*China delays releasing its 3Q22 GDP figure due to the Communist Party´s Congress.
*New Finance Minister of the UK, Jeremy Hunt, reverses Liz Truss´s economic plan; he will present a new budgetary plan.
*AICM is close to reaching passenger traffic levels seen prior to the pandemic.
*The Central Bank of England will resume corporate bond sales in its balance starting next week.
*Commissions in the Senate give green light for a reform that would increase the minimum number of vacation days from 6 to 12; it would come into force in 2023.
*Russia attacks Kyiv, the capital of Ukraine, with drones.

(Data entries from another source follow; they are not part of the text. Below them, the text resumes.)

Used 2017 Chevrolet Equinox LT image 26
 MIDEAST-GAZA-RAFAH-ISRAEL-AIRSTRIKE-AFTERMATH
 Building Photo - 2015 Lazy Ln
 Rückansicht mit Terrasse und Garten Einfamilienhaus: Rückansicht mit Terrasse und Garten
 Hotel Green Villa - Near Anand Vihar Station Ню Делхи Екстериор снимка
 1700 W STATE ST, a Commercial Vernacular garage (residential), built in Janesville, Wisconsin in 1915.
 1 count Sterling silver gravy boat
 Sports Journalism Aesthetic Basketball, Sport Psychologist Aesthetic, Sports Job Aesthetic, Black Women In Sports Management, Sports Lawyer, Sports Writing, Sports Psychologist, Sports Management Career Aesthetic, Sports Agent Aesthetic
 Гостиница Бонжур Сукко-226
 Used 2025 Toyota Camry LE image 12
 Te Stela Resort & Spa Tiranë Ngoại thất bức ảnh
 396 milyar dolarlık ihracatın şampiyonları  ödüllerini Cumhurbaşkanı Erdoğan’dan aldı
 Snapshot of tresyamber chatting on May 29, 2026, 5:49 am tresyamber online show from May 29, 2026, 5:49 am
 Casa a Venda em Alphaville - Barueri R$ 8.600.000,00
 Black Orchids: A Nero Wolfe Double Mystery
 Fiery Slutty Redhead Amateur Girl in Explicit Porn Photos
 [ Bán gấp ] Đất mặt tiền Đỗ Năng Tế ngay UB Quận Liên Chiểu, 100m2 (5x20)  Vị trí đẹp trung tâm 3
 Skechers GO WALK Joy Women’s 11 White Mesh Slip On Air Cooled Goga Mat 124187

Chinese Communist Party´s Conference. This morning, 3Q22 growth figures were expected to be made public by the National Statistical Bureau of China (GDP, industrial production, investment and retail sales). However, their release was delayed without reason and no date for a rescheduled release has been given. The delay could have been caused by the Communist Party´s Congress, which is carried out twice a decade and is expected to give the country´s current President, Xi Jinping, his third leadership term. The delay in the figures´ release increases uncertainty revolving around China´s recovery; analysts expect a 3.3% annual increase after the 2Q22 was strongly impacted by confinement measures. At the moment, most government officials and human resources in China are focused on the Congress, or what will come from it. The delay in the figures´ release could be an attempt to avoid distractions. This weekend, Xi Jinping kicked off the Congress with a strong speech in which he envisioned China as a country with greater control and influential power at a global level and presented it as an alternative to the United States. The comments suggest that China is preparing a phase of greater confrontation with the United States. Concerning Taiwan, he once again called for the island´s reunification to China. As for the economy, Xi backed the “zero COVID” tolerance policy and quarantines that have been carried out in recent months; he gave no signs that the real-estate sector will receive any extraordinary aid.